Magic Knight Rayearth was first released in Japan in 1995, but did not make it to North America until late 1998. In fact this is the very last Saturn game released in North America. What was the cause of this delay? In the manual Working Designs simply states that it took 30 months to fix everything that they wanted to or could fix. Well, that story actually goes back to around 1995 when Working Designs was interested in working with Sony. Bernie Stolar did not like the company or its president Victor Ireland, and quickly shot them down for the rights to Arc the Lad. When Stolar moved from Sony to Sega Working Designs was quick to move back to Sony, since their relationship with Sega soured very quickly. I don’t think they took three years messing around with an already finished game for no reason. Stolar was well known for his dislike of RPGs, especially at Working Designs. Nevertheless, the game was released and sits as a curiousity for a company known for putting as much work into packaging as their actual games.

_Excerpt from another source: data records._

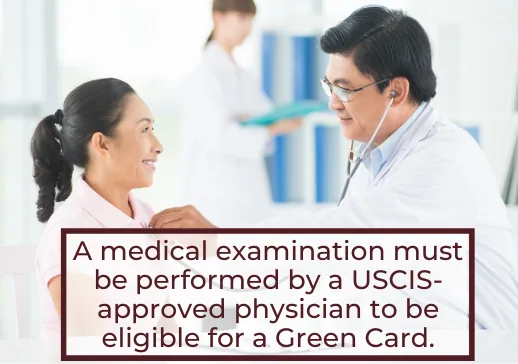 Medical Examination - Green Card Eligibility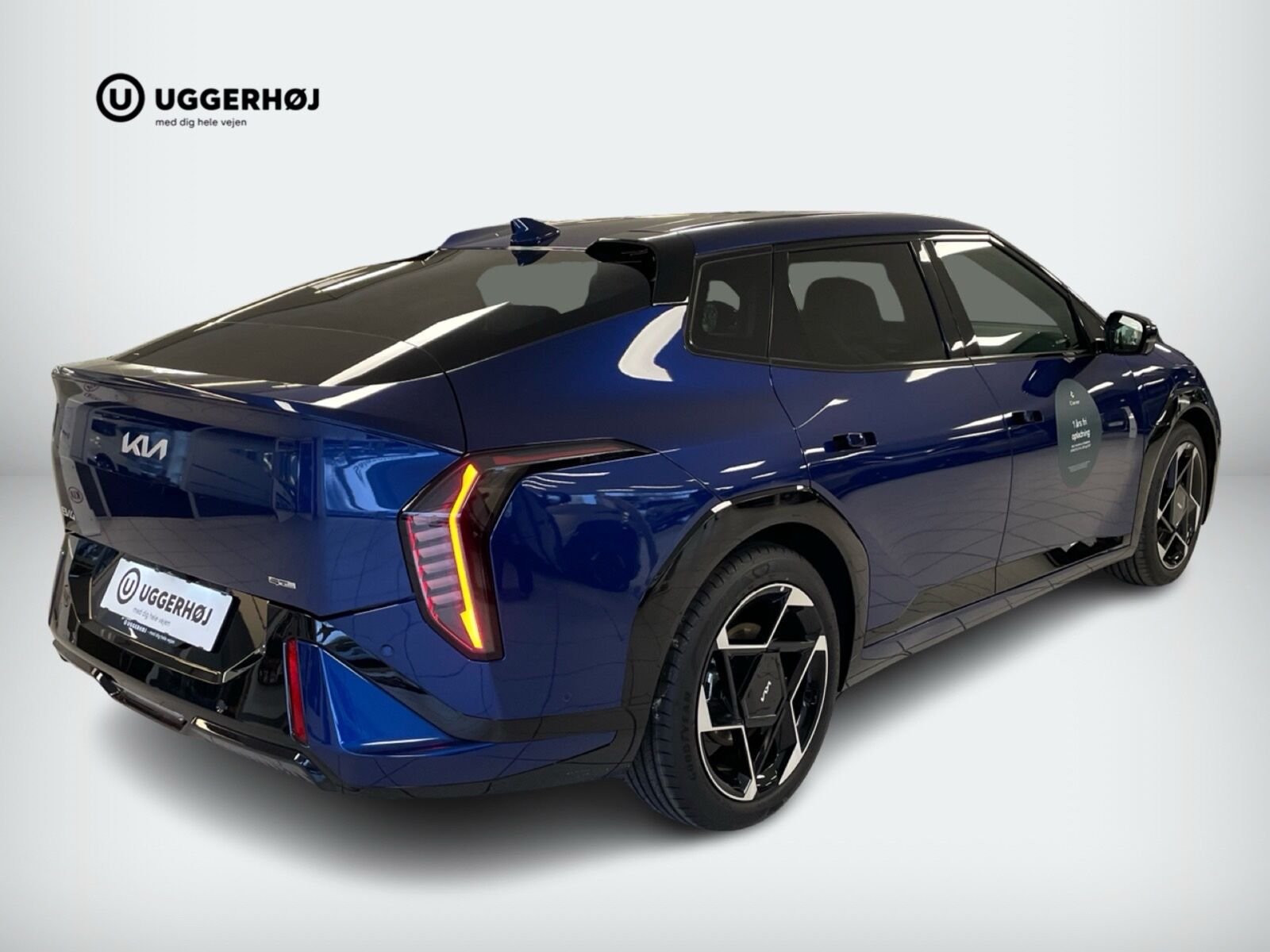 Kia EV4 Long Range Fastback, 204ps, 2026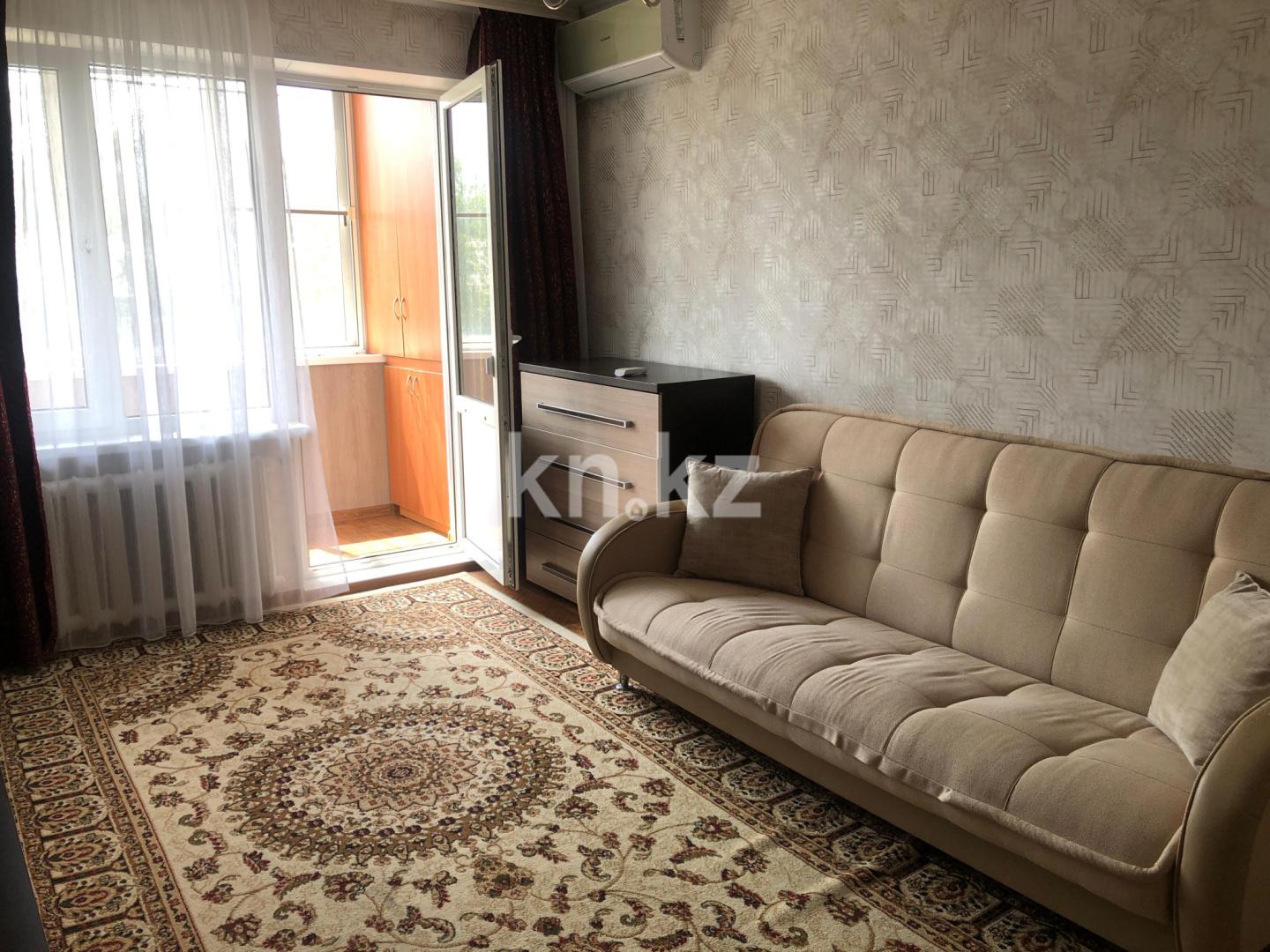 Аренда 2-комнатной квартиры, 45 м² - Аренда квартир помесячно в Алматы фото 3 из 16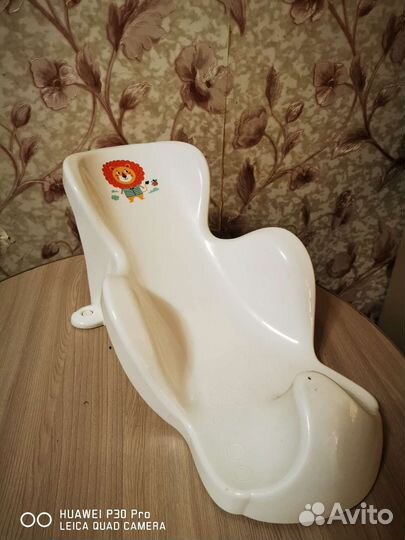 Детская ванночка для купания с горкой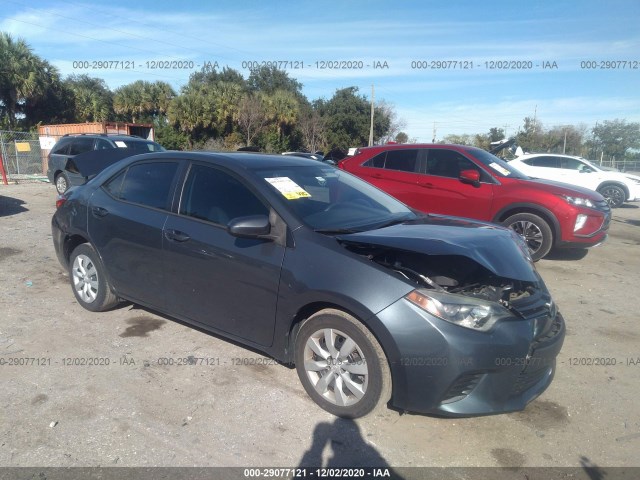 TOYOTA COROLLA 2015 2t1burhe8fc259836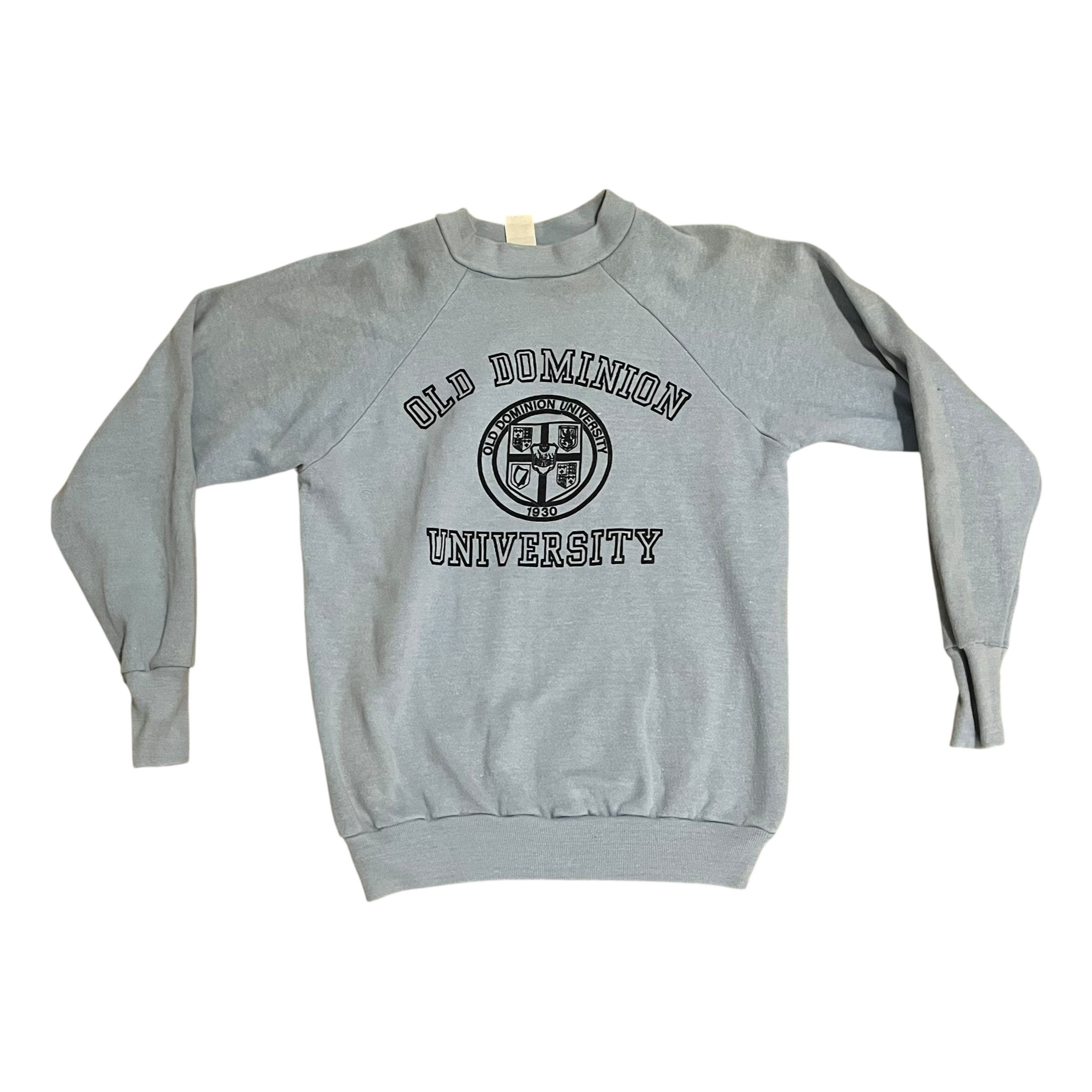 Vintage VINTAGE 1980s Old Dominion University Sweatshirt ODU Size US M / EU 48-50 / 2 - 1 Thumbnail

As a result of this nearly three year delay between releases Rayearth was not reviewed well when it launched. Many criticized the graphics as being akin to an early Saturn 2D game (it was), and the game’s release window (months after the other final Saturn stragglers). But, does this mean the game itself is not worth anybody’s time, or is it just a case of bad timing mixed with a sour relationship?

I previously reviewed Sunsoft’s Albert Odyssey: Legend of Eldean from Working Designs where I praised that game’s voice work. Rayearth has much more voice acting in it, and its all top notch quality that other companies should take some lessons from to this day. Each of the three main heroines keeps a diary of events as you progress through the game. Most of these are multiple sentences and are fully voiced. Cutscenes are fully voiced as well. There are hundreds of lines of spoken dialogue for the major characters, and you can hear how well directed the actors and actresses were, as well as the quality of Working Designs’ recording studio. Sega America could have taken some pointers from these guys.

Now let’s dig into the meat of this game. As an action-RPG combat takes place in real time. It takes quite some time for the game to really ramp itself though. There are three playable characters, Hikaru, Umi, and Fuu. Hikaru and Umi use short range swords while Fuu uses a bow. Fuu’s charged attack homes in on enemies, making her by far the most useful character. About the only time you’ll switch characters is to use magic to progress, or blast the boss with your strongest spells until they’re out of MP. Then you’ll just switch to Fuu, run in circles, and use her charged attack until the boss is dead. Its not a deep combat system.

The progression system is mostly related to the the Zelda system. Your heroines get better armor, weapon upgrades, and spells by getting to certain parts of the game, and not by spending a lot of money. Money in this game are gems, and they’re actually quite hard to come by. Most enemies will not drop much, most of these gems come from treasure finds.

The story is about a kidnapped princess who summons a few Magic Knights from another world to save her own from being swallowed in darkness. So the world of Cefiro is being taken over by dark forces and starts coming apart at the seams as a result of the princess’ lack of protecting prayers. Our three heroines have been prophesized in this world’s mythology for eons, but these Magic Knights were always assumed to be male. This type of gender identity and societal roles plays a crucial part of the story. Almost everybody is surprised that the Magic Knights are a trio of fourteen year old girls in short skirts. This story does take quite a few twists and turns despite using this rather simple and trite formula.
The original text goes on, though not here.